When he’d clipped more sweet peas than he could hold in his arms, he went and filled the kitchen sink with water and dropped them in.
“What are you doing with my flowers?” his father asked grumpily, glancing up from his paper. His father apparently hadn’t noticed there was nothing for breakfast in the house.
“I’m going to start a rumor,” Brand said pleasantly. “And then I’m going to get some groceries. You want to come?”
“To start the rumor?” his father said hopefully.
“No, for the groceries. How come you don’t have any food?”
“Why? You writing a report for your sister?”
“She’s worried about you, Dad. You don’t have to see her as the enemy. That fire rattled her.”
“Rattled her! What do you think it did to me? Oh well, I didn’t like cooking here anyway. Or eating here,” Dr. Sheridan said, proud, reluctant. “It makes me miss your mother.”
“I miss her, too, Dad. I come in this kitchen and think of strawberry lemonade and cookies warm from the oven, the chocolate chips dripping.”
Something in his father’s face softened, and, briefly, it almost felt that they might have a moment, share some fond memories. But his father rattled the paper and dove behind it.
Brand headed for the shower.
Later he went out to the bike shed, and found his mother’s bike, complete with the basket which he filled with sweet peas until it overflowed. Then he rode right down Main Street, enjoying the pretense of being a small-town guy who had never, for the good of his country, done things that ate at his soul.
The thing that astonished him was how easy it was to slip from who he knew himself to be—a hardened warrior, heart of ice—into this role of a young man going to woo his girl.
Had he gotten that adept at playing roles?
At least this one had no grim, dark overtones. It just felt fun. It would be entertaining, fill up some of his time here, to play this game with Sophie. To break her rules, too.
Maybe, if nothing else, before he left here, he could teach Sophie to be spontaneous, though he doubted if he had enough time to tackle that particular challenge.

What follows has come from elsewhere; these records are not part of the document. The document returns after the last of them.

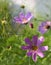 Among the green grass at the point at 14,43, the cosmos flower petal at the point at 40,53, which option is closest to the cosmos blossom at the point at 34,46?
the cosmos flower petal at the point at 40,53

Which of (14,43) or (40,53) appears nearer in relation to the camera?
(40,53)

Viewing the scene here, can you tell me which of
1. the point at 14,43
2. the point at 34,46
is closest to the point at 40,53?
the point at 34,46

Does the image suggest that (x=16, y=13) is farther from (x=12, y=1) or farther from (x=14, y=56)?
(x=14, y=56)

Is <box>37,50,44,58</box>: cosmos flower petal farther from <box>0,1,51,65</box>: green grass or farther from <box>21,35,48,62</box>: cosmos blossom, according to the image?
<box>0,1,51,65</box>: green grass

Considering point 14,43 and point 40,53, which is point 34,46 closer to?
point 40,53

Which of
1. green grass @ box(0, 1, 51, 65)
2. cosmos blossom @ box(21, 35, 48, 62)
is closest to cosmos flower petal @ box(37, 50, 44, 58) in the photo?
cosmos blossom @ box(21, 35, 48, 62)

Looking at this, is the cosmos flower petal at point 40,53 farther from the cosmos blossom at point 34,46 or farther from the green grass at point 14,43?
the green grass at point 14,43

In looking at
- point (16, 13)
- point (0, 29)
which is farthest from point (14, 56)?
point (16, 13)

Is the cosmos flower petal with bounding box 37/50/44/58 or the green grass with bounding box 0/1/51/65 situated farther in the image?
the green grass with bounding box 0/1/51/65

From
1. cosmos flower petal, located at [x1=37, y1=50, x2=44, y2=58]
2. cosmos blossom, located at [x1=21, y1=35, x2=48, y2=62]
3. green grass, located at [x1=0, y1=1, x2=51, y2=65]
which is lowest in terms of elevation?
green grass, located at [x1=0, y1=1, x2=51, y2=65] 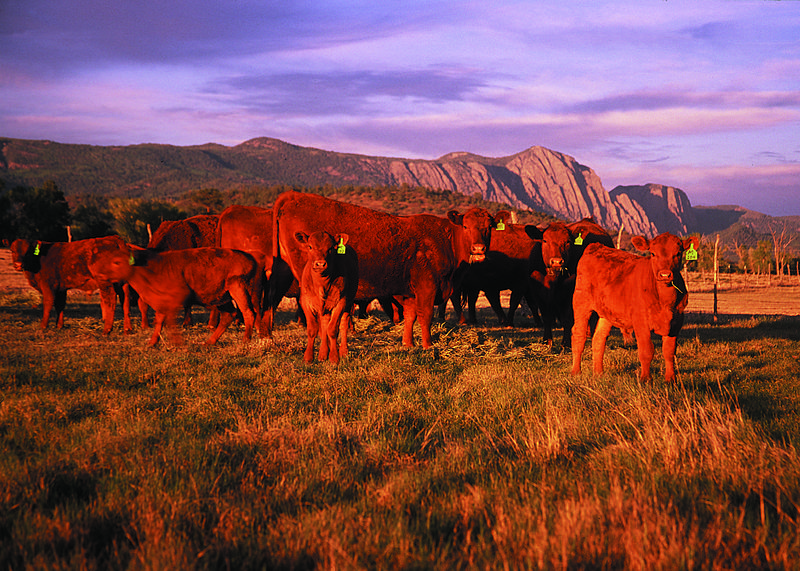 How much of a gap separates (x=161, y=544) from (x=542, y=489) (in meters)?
2.42

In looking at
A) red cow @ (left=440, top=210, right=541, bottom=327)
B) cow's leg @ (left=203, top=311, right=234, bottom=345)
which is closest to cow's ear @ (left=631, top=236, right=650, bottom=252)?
red cow @ (left=440, top=210, right=541, bottom=327)

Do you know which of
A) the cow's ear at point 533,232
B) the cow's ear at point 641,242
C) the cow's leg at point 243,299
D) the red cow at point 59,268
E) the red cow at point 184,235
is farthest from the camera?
the red cow at point 184,235

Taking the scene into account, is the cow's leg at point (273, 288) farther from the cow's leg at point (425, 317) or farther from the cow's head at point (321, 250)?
the cow's head at point (321, 250)

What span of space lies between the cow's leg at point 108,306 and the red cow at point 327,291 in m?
5.87

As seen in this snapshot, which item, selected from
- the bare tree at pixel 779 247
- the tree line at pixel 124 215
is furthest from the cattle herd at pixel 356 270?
the bare tree at pixel 779 247

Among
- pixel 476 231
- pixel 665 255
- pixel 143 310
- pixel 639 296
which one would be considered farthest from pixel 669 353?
pixel 143 310

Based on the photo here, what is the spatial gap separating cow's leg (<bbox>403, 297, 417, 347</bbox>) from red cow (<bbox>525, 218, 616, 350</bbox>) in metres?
3.05

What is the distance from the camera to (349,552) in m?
2.79

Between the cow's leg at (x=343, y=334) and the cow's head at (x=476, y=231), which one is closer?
the cow's leg at (x=343, y=334)

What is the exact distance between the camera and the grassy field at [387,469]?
279 cm

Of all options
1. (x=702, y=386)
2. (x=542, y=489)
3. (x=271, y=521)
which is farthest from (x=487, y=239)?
(x=271, y=521)

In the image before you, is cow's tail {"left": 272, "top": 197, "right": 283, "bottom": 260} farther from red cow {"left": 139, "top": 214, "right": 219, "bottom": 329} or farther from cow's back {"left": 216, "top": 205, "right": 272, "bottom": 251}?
red cow {"left": 139, "top": 214, "right": 219, "bottom": 329}

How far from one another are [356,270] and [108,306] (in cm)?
715

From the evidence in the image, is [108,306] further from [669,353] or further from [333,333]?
[669,353] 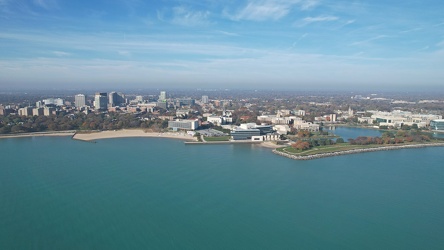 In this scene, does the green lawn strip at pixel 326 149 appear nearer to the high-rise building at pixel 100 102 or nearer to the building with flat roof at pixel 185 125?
the building with flat roof at pixel 185 125

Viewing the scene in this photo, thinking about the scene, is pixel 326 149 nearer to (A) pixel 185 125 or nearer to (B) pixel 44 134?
(A) pixel 185 125

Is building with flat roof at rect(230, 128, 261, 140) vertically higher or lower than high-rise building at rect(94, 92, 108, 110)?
lower

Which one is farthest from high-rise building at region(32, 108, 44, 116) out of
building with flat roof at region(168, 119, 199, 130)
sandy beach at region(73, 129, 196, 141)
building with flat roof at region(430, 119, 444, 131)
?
building with flat roof at region(430, 119, 444, 131)

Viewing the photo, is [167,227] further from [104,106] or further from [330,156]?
[104,106]

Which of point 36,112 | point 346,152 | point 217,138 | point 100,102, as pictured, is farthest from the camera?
point 100,102

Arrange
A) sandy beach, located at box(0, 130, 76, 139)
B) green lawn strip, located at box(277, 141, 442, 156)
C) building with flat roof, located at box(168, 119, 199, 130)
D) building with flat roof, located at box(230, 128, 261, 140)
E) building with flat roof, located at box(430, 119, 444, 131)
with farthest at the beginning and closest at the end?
building with flat roof, located at box(430, 119, 444, 131) < building with flat roof, located at box(168, 119, 199, 130) < sandy beach, located at box(0, 130, 76, 139) < building with flat roof, located at box(230, 128, 261, 140) < green lawn strip, located at box(277, 141, 442, 156)

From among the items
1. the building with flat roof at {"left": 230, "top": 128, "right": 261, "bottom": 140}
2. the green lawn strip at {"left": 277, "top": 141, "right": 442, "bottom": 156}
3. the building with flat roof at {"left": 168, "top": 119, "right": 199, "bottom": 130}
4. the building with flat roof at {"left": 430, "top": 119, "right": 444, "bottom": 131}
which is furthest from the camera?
the building with flat roof at {"left": 430, "top": 119, "right": 444, "bottom": 131}

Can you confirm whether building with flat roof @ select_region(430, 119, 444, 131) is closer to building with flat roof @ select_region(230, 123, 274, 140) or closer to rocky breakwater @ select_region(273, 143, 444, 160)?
rocky breakwater @ select_region(273, 143, 444, 160)

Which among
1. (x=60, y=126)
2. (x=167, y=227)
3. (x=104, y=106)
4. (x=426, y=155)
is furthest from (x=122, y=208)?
(x=104, y=106)

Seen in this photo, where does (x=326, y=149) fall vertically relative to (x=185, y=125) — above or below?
below

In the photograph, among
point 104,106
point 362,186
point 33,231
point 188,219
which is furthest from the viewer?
point 104,106

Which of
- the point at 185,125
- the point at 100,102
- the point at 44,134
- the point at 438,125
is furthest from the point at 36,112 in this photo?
the point at 438,125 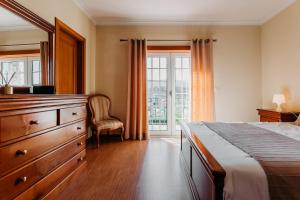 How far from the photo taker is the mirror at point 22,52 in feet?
6.80

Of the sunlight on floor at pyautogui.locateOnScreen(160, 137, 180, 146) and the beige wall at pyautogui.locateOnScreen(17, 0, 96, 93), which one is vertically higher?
the beige wall at pyautogui.locateOnScreen(17, 0, 96, 93)

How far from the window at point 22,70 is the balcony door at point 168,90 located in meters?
2.75

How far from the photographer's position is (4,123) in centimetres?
143

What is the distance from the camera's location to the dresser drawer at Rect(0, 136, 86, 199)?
4.83ft

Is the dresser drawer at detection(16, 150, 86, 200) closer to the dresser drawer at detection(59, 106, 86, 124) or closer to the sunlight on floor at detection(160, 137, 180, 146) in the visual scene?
the dresser drawer at detection(59, 106, 86, 124)

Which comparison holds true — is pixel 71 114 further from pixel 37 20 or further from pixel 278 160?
pixel 278 160

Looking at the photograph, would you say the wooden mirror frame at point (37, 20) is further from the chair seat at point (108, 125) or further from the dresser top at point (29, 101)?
the chair seat at point (108, 125)

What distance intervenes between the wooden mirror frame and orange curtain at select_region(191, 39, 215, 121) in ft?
9.72

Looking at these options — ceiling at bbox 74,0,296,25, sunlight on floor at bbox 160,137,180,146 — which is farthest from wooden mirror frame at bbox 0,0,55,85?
sunlight on floor at bbox 160,137,180,146

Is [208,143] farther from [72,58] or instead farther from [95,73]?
[95,73]

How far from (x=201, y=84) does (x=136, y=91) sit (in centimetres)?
148

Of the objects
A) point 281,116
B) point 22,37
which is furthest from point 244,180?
point 281,116

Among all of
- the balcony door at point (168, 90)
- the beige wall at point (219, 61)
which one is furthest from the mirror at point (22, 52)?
the balcony door at point (168, 90)

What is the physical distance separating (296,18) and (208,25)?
1712 millimetres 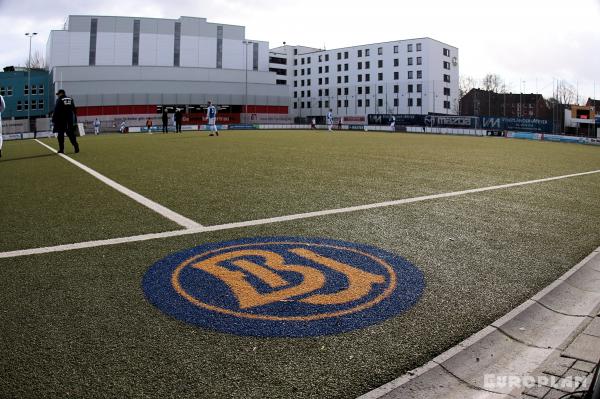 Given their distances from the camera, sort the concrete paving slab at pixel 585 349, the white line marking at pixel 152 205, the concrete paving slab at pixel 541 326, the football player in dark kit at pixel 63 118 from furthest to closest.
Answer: the football player in dark kit at pixel 63 118, the white line marking at pixel 152 205, the concrete paving slab at pixel 541 326, the concrete paving slab at pixel 585 349

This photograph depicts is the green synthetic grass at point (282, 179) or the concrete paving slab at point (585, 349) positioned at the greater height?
the green synthetic grass at point (282, 179)

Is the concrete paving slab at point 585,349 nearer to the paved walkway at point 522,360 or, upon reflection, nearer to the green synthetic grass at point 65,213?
the paved walkway at point 522,360

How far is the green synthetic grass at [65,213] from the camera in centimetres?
522

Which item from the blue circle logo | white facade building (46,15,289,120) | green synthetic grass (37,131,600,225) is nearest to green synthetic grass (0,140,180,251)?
green synthetic grass (37,131,600,225)

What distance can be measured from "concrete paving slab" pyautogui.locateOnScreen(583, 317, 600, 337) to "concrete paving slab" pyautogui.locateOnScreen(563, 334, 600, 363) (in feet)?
0.19

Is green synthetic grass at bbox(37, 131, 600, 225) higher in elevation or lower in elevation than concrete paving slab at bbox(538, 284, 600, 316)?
higher

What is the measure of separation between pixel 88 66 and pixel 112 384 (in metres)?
81.0

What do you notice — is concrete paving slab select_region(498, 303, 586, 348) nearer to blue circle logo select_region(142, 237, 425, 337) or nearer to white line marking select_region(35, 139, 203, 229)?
blue circle logo select_region(142, 237, 425, 337)

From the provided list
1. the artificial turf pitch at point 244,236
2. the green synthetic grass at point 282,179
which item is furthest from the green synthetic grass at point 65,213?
the green synthetic grass at point 282,179

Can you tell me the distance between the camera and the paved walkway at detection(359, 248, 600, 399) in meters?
2.48

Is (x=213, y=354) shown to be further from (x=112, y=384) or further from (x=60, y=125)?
(x=60, y=125)

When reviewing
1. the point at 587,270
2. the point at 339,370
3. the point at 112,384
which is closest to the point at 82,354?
the point at 112,384

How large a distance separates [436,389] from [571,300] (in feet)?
6.38

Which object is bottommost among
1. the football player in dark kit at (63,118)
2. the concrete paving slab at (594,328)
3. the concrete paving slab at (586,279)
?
the concrete paving slab at (594,328) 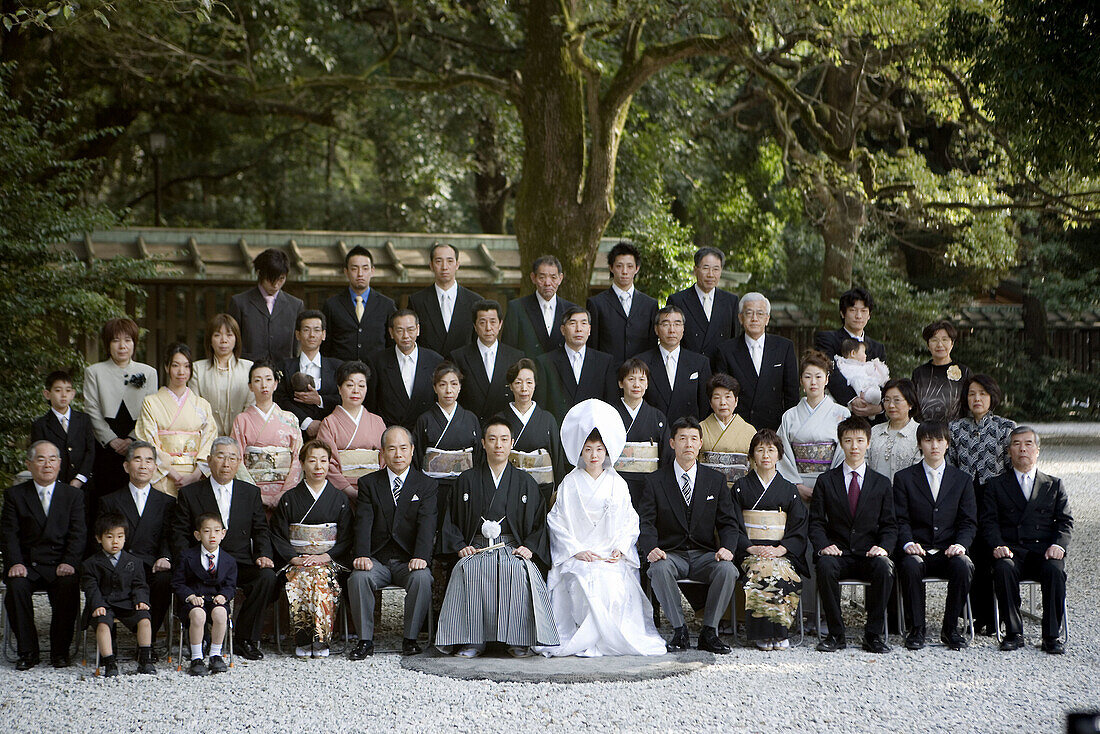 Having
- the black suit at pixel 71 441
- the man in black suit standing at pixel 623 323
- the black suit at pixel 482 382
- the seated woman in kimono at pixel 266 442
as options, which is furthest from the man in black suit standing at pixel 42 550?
the man in black suit standing at pixel 623 323

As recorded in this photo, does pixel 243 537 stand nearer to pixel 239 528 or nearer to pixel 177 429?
pixel 239 528

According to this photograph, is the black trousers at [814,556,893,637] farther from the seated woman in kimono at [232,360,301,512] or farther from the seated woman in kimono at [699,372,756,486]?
the seated woman in kimono at [232,360,301,512]

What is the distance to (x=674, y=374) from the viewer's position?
20.7ft

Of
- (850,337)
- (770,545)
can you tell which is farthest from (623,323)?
(770,545)

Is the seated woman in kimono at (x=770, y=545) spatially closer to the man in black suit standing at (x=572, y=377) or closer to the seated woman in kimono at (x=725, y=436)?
the seated woman in kimono at (x=725, y=436)

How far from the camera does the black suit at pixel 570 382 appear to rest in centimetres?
627

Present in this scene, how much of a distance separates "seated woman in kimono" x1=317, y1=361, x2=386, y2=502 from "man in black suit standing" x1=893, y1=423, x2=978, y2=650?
9.36 ft

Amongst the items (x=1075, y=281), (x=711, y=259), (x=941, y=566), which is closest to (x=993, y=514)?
(x=941, y=566)

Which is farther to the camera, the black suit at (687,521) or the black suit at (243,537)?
the black suit at (687,521)

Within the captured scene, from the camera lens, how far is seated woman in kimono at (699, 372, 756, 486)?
5914 millimetres

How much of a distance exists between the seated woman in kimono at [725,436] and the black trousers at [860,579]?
72cm

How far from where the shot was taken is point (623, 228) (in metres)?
14.7

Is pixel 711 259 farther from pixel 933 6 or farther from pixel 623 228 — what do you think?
pixel 623 228

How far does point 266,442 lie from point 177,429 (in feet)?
1.59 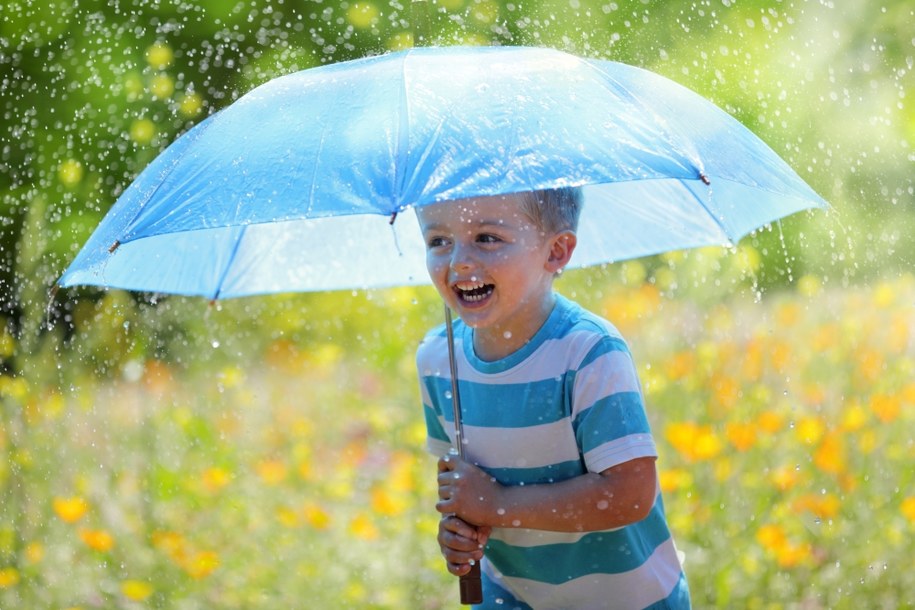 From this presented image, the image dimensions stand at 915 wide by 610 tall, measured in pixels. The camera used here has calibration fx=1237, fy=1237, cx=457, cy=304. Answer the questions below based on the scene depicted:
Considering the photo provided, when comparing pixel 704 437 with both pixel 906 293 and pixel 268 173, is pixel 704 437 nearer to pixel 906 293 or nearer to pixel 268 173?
pixel 906 293

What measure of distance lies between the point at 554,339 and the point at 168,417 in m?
2.05

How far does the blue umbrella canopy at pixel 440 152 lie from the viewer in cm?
169

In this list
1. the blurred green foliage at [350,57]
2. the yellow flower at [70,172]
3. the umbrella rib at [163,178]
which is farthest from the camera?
the blurred green foliage at [350,57]

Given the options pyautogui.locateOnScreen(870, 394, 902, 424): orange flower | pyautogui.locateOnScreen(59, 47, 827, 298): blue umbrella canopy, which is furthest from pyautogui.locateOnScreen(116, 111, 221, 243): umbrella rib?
pyautogui.locateOnScreen(870, 394, 902, 424): orange flower

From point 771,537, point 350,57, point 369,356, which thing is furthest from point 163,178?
point 350,57

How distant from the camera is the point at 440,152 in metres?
1.71

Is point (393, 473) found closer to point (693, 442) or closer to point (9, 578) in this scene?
point (693, 442)

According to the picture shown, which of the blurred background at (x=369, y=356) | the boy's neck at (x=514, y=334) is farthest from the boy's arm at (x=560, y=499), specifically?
the blurred background at (x=369, y=356)

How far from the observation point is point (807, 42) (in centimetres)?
568

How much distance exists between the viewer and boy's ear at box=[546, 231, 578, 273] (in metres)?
2.13

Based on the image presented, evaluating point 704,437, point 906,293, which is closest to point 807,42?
point 906,293

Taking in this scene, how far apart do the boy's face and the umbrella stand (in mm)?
104

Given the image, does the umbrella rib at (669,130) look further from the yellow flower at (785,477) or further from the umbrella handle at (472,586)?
the yellow flower at (785,477)

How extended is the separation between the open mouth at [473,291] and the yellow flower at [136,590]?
1670mm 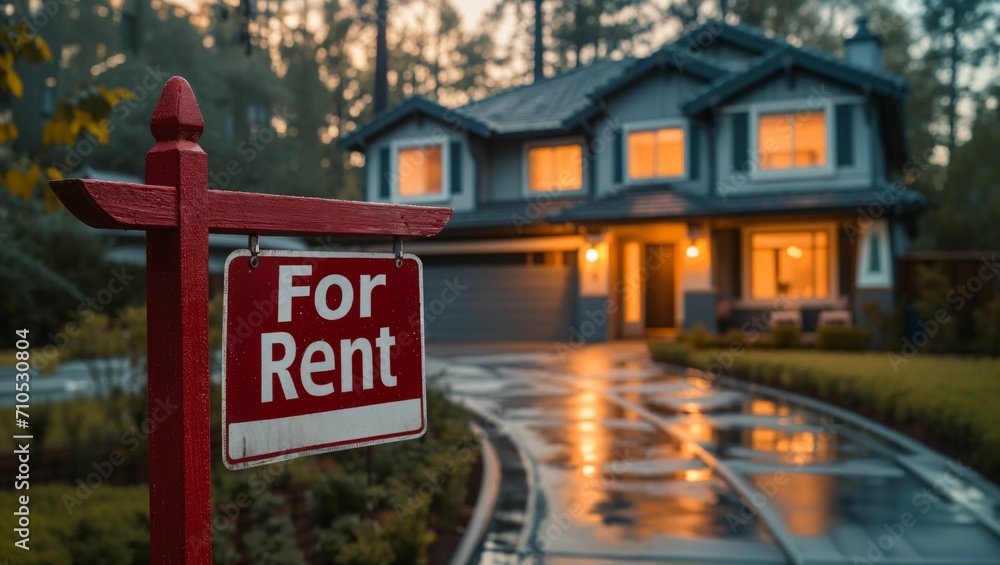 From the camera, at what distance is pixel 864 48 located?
2320cm

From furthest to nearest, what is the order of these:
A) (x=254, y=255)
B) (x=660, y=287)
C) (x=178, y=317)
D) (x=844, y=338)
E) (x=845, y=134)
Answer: (x=660, y=287) < (x=845, y=134) < (x=844, y=338) < (x=254, y=255) < (x=178, y=317)

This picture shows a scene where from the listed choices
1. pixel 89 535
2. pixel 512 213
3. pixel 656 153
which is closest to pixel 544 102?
pixel 512 213

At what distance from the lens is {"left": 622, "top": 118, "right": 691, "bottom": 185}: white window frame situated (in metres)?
23.2

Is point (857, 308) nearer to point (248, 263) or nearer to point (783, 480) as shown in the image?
point (783, 480)

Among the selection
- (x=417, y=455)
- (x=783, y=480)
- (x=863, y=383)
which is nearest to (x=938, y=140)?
(x=863, y=383)

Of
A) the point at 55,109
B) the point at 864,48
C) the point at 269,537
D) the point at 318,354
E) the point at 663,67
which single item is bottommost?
the point at 269,537

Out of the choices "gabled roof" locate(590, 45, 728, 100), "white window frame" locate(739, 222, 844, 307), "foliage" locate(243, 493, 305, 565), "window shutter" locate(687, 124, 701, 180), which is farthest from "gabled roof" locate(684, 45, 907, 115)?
"foliage" locate(243, 493, 305, 565)

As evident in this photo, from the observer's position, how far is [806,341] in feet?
64.9

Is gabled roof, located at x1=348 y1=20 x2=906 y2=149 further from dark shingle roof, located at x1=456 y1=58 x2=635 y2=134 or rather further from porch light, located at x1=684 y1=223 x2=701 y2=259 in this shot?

He parked the bicycle in front of the old two-story redbrick Edwardian building that housed the Historical Society, gathered the sweet peas in his arms, took the steps two at a time and stopped in front of the stern-faced woman at the reception desk in the outer office.
“I’m looking for my sweet pea,” he announced, “Miss Sophie.”
That would show Sophie Holtzheim just how sick and tired he was of other people making the rules that governed his life. He was on leave from his military duties. He wasn’t taking orders from a little scrap of a girl!
Not unless they were the delicious kind. The librarian pulling her glasses off, chewing thoughtfully on the arm, watching him with heat in her eyes.
Brand Sheridan, he berated himself, there is a special place in hell for guys like you.
On second thought, he was already there.
The idea that this was going to be some kind of fun fled from him. He couldn’t be sworn to help and protect Sophie and have these kinds of thoughts at the same time.
He needed to be a better man.
The courtship of Sophie was probably going to be the hardest assignment of his life.
“YOU have a gentleman caller,” Bitsy Martin whispered in the door of Sophie’s office. “With flowers.”